- Activity
Look for the string "yourself" in the listing below and copy every line in which it appears.
--- Recorded information Enclosed Below ---
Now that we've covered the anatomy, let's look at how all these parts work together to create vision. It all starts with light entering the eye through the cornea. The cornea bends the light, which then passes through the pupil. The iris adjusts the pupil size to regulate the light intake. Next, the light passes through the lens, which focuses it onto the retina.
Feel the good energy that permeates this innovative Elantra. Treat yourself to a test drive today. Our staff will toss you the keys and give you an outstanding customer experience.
--- End of Enclosed Recorded information ---
--- Recorded information Enclosed Below ---
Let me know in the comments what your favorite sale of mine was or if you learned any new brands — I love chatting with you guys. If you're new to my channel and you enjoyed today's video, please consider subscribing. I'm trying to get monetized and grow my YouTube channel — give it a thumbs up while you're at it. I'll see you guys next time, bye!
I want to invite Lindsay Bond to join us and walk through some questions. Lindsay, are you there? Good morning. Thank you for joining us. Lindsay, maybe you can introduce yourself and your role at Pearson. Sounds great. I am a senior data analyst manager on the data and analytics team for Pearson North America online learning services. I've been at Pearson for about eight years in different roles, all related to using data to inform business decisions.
--- End of Enclosed Recorded information ---
- Output for this task
Feel the good energy that permeates this innovative Elantra. Treat yourself to a test drive today. Our staff will toss you the keys and give you an outstanding customer experience.
I want to invite Lindsay Bond to join us and walk through some questions. Lindsay, are you there? Good morning. Thank you for joining us. Lindsay, maybe you can introduce yourself and your role at Pearson. Sounds great. I am a senior data analyst manager on the data and analytics team for Pearson North America online learning services. I've been at Pearson for about eight years in different roles, all related to using data to inform business decisions.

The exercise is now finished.